8-KMaterial Agreements

MICROCHIP TECHNOLOGY INC 8-K Report, Material Agreement (Feb 24, 2005)

Filed February 24, 2005For Securities:MCHPMCHPP

Summary

Microchip Technology Incorporated (MCHP) has announced a material definitive agreement concerning the acceleration of stock option vesting. This decision, approved on February 17, 2005, by the Compensation Committee and Board of Directors, impacts options with an exercise price of $27.153 or higher. The primary driver for this acceleration is to comply with the upcoming FASB Statement No. 123R (Share-Based Payment), which will require companies to recognize compensation expense for stock options. By accelerating vesting, Microchip aims to avoid recognizing approximately $13.1 million in pre-tax compensation expense that would have been recognized over the original vesting periods.

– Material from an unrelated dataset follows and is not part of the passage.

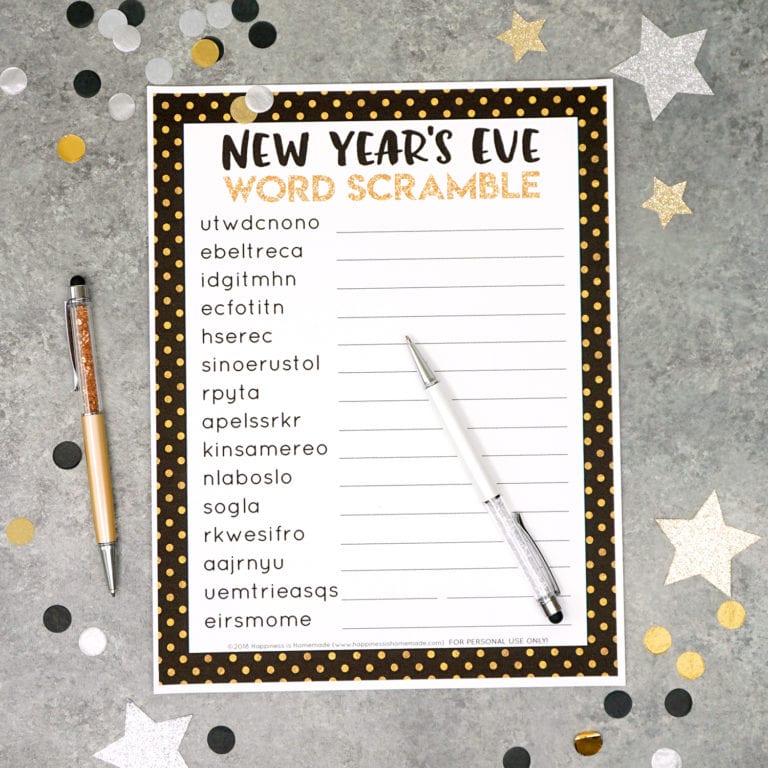 New Year's Word Search Printable - Happiness is Homemade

Furthermore, the company believes this action will enhance employee morale and retention, as many of these accelerated options have exercise prices near or above the current market value, diminishing their original incentive and retention purpose. Approximately 2.3 million shares, representing 25.4% of outstanding unvested options, will become immediately exercisable. However, to prevent unintended personal benefits, shares acquired through these accelerated options will be subject to resale restrictions until their original vesting date or the option holder's termination of employment. Notably, a portion of these accelerated options, totaling 461,250 shares, are held by executive officers.

Key Highlights

  • 1Acceleration of stock option vesting approved on February 17, 2005, impacting options with exercise prices of $27.153 or greater.
  • 2Primary objective: Avoid recognizing approximately $13.1 million in pre-tax compensation expense under the forthcoming FASB Statement No. 123R.
  • 3Aims to improve employee morale and retention by making options with high exercise prices immediately exercisable.
  • 4Approximately 2.3 million shares (25.4% of unvested options) are affected by the acceleration.
  • 5Resale restrictions apply to shares from accelerated options until original vesting dates or employment termination.
  • 6Executive officers hold 461,250 of the accelerated option shares.
  • 7The acceleration is effective for stock options outstanding as of February 17, 2005.